(Data)
* * * *

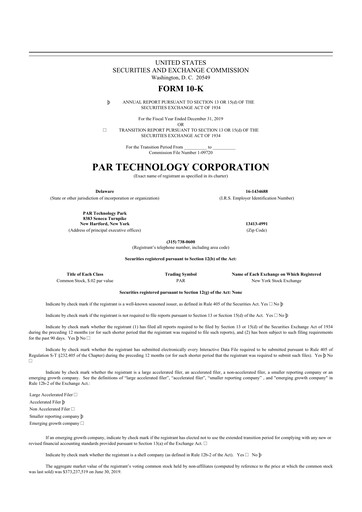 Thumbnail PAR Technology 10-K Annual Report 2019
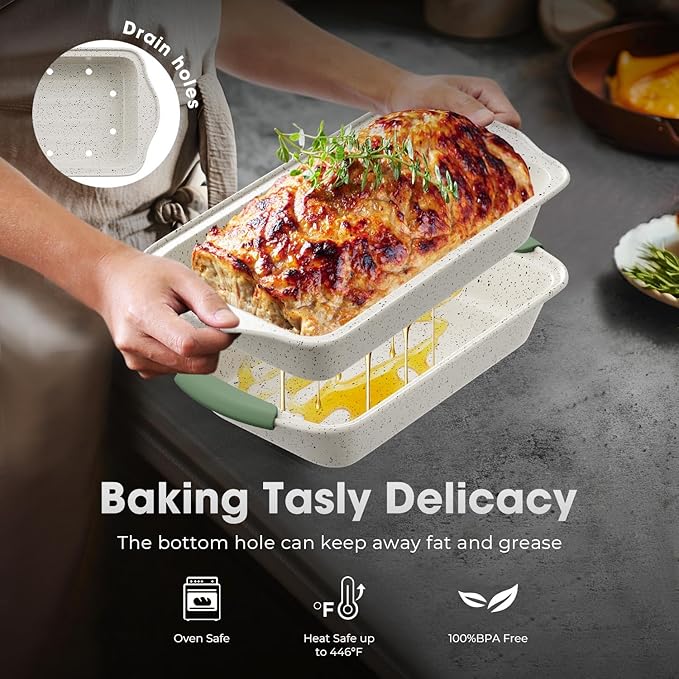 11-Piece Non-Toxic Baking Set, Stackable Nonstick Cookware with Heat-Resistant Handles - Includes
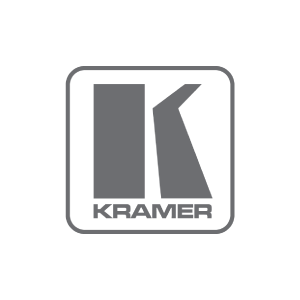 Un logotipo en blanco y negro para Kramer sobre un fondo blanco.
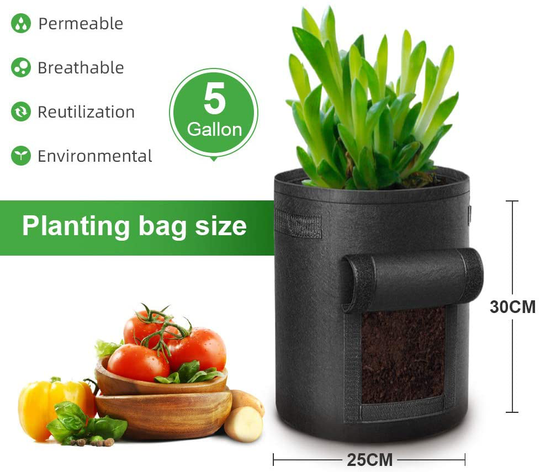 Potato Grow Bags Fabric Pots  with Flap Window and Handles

* * * *

(What you are asked to do) Print the listing again exactly, please. Keep the pictures out of it.

(Answer space)
 Thumbnail PAR Technology 10-K Annual Report 2019
 11-Piece Non-Toxic Baking Set, Stackable Nonstick Cookware with Heat-Resistant Handles - Includes
 Un logotipo en blanco y negro para Kramer sobre un fondo blanco.
 Potato Grow Bags Fabric Pots  with Flap Window and Handles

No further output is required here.